今なぜ「ワン・モア・タイム」? 自動車CMソングにダフト・パンクの有名曲が抜擢されたワケ

 2013年12月下旬から、大手自動車メーカー・スズキの「ワゴンRスティングレー」のCMソングとして、ダフト・パンクの代表曲「ワン・モア・タイム」が抜擢されている。十年以上前の曲がなぜ今採用されるのだろうか。そこにはどんな狙いがあるのだろうか。

 自動車メーカーのCMといえば、疾走感と安定感のある「大人な」音楽が採用されているイメージ。

 3年ほど前に、アメリカのエレクトロ・ポップ・バンド、パッション・ピットの当時の大ヒット曲「アイズ・アズ・キャンドルズ」が、日産の「PURE DRIVE」のCMソングとして採用されたのに、驚いた人もいるかもしれない。確かに大ヒットした曲ではあったものの、ボーカルが双極性障害をカミングアウトするなど、脆さも含んだサウンドだったからだ。というように単に担当者の趣味がリアルタイムに色濃く反映されたケースもあるのだろう。

 それとは違って、今回の「ワン・モア・タイム」は、ちょっとうがった見方をしてしまいたくなる、中途半端に「古い」選曲だ。

 「ワン・モア・タイム」は、1979年のエディー・ジョーンズの曲を一部だけサンプリングして作られた、2001年のヒット曲。この曲はメンバーのトーマ・バンガルテルも参加したStardustの、1998年のクラブ・ヒット曲「Music Sounds Better With You」の方法論の延長線上にある(チャカ・カーンのディスコ・サウンドをサンプリングし当時フレンチ・フィルター・ハウスと呼ばれ流行した。この頃フランスではMotorBassやPepe Bradockなどの雑多なダンス音楽が生産されていてコアなリスナーを楽しませてくれていた)。

 そしてボーカルを担当したのがハウス・ミュージック・プロデューサーのロマンソニー。
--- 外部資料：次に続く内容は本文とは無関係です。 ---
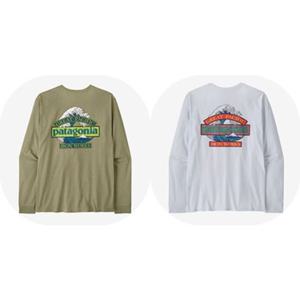 [파타고니아코리아] 37876R5 멘즈 롱-슬리브 그레이트 웨이브 리스판서빌리-티셔츠 Long-Sleeved Waves PG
彼は残念ながら去年の5月に亡くなってしまったが、1990年代には「ハウス界のプリンス」と呼べるような作風で異彩を放っていた。

 つまりこの曲はダフト・パンクとしては、数々のディスコ・サンプリングのヒット曲が多く生まれた1990年代、そして、やはり強烈な個性を放っていたロマンソニーが活躍した1990年代を総括した楽曲とも言えるだろう。